- Born: Jeanette Christina Marais 1967 or 1968 (age 57–58) Free State, South Africa
- Education: University of the Free State

= Jeanette Marais =

South African businesswoman

Jeanette Christina Marais-Cilliers (born 1967 or 1968) is a South African businesswoman who has been chief executive officer of the Momentum Group since August 2023. She formerly held executive positions at Stanlib, Old Mutual, and Allan Gray.

== Early life and education ==
The eldest of five siblings, Marais was born in 1967 or 1968. Her father and grandfather were Afrikaans-speaking farmers, and she grew up on the family farm near Reddersburg in the southern Free State. She completed a Bachelor of Science in mathematics and statistics at the University of the Free State. Later in her career, she completed a part-time Master of Business Administration at the International Institute for Management Development in Lausanne, Switzerland.

== Career in business ==
Marais began her first job in March 1990 at Momentum, an insurance company. Although she initially planned to become an actuary and was studying towards a degree in actuarial science, she became interested in client management while working in actuarial product development. Thereafter she moved to sales and marketing roles, including as part of the team that launched Momentum Administration Services. In 1999 she left Momentum to join PSG, where she helped set up the group's unit trust, and she later worked as a director at Stanlib and as an executive general manager at Old Mutual. Between 2009 and 2018, she worked at investment management firm Allan Gray, first as co-head of retail and then as an executive director for distribution and client services.
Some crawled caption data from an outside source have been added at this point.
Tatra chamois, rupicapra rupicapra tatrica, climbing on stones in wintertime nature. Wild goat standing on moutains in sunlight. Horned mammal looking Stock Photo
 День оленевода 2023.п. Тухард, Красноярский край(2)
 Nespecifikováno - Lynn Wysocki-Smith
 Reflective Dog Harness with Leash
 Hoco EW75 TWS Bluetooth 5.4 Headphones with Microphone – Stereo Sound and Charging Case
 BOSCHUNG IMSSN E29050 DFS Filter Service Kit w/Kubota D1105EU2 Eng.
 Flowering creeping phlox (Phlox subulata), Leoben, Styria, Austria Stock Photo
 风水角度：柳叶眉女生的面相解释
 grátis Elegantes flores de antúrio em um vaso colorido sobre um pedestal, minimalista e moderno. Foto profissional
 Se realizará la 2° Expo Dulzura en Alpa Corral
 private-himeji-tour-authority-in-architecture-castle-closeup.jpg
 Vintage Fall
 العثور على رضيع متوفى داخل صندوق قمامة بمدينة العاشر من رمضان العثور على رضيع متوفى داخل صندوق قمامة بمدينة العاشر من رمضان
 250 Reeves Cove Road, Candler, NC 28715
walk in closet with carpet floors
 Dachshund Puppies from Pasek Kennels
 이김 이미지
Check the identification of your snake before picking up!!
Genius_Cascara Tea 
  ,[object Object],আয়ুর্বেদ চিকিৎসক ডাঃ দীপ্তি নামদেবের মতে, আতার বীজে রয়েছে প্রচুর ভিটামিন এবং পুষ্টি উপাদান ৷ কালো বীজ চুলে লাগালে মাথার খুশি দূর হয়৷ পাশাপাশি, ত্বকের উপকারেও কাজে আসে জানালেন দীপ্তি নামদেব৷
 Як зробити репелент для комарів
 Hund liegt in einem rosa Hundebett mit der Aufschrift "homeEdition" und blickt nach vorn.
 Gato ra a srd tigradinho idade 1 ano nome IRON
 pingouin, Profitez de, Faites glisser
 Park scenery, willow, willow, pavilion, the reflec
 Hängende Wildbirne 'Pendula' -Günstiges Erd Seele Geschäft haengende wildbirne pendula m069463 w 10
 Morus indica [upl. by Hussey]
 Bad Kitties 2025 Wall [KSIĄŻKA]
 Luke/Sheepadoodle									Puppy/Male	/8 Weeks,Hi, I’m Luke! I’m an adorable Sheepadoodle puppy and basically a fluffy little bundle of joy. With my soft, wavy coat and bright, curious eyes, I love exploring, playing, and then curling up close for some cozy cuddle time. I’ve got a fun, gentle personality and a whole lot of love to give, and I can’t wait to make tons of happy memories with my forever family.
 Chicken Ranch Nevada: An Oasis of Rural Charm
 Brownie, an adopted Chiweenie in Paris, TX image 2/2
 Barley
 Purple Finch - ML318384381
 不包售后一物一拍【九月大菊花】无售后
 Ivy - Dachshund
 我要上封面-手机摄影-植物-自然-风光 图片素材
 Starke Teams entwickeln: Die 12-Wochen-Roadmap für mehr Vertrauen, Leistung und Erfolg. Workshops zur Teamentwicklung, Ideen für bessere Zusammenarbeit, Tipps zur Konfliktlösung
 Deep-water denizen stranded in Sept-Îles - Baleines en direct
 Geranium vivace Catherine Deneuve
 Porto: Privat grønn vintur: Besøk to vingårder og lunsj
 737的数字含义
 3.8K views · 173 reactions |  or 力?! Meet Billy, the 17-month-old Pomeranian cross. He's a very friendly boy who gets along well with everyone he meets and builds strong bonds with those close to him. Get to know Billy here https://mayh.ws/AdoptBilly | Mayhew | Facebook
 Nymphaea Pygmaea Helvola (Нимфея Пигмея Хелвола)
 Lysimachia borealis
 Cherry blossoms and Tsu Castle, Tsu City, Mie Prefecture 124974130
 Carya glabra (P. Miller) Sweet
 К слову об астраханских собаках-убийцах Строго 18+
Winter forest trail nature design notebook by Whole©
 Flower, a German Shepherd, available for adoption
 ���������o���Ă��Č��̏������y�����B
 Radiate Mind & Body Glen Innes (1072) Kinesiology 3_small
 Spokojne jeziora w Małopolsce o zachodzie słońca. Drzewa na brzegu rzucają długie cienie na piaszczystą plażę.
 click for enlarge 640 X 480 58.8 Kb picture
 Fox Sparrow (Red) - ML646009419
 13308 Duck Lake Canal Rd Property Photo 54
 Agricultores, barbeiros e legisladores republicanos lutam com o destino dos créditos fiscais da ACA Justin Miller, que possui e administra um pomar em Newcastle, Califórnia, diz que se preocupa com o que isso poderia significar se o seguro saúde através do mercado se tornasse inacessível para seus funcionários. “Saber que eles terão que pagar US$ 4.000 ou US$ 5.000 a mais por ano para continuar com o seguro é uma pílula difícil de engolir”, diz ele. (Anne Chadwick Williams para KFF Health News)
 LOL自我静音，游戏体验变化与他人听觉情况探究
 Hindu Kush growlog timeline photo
In January 2018, Momentum, by then restructured as Momentum Metropolitan Group after a merger with Metropolitan, announced that Marais would return to the company as second deputy chief executive officer. Her appointment was part of a leadership reshuffle that also included the appointment of Hillie Meyer as chief executive officer; she had spent a stint as Meyer's executive assistant at an earlier stage of her career, and she said that he appointed her to return to Momentum after she expressed frustration with the handling of the Metropolitan merger. Taking up the new position on 1 March 2018, she worked alongside the incumbent deputy chief executive officer, Mary Vilakazi, with special responsibility for Momentum Investments. She also oversaw Momentum Distribution Services, Consult by Momentum, and Momentum Money. In May 2023, at the end of Meyer's five-year term as chief executive, Marais was announced as Meyer's successor with effect from 1 August 2023. She became the first woman to lead the company.

== Personal life ==
She is married to Johann Cilliers. They have no children. Since 2000 they have lived in Hout Bay, Cape Town; Marais commutes to Momentum Metropolitan headquarters in Centurion. They also own a farm in Paternoster. Marais has completed several ultramarathons.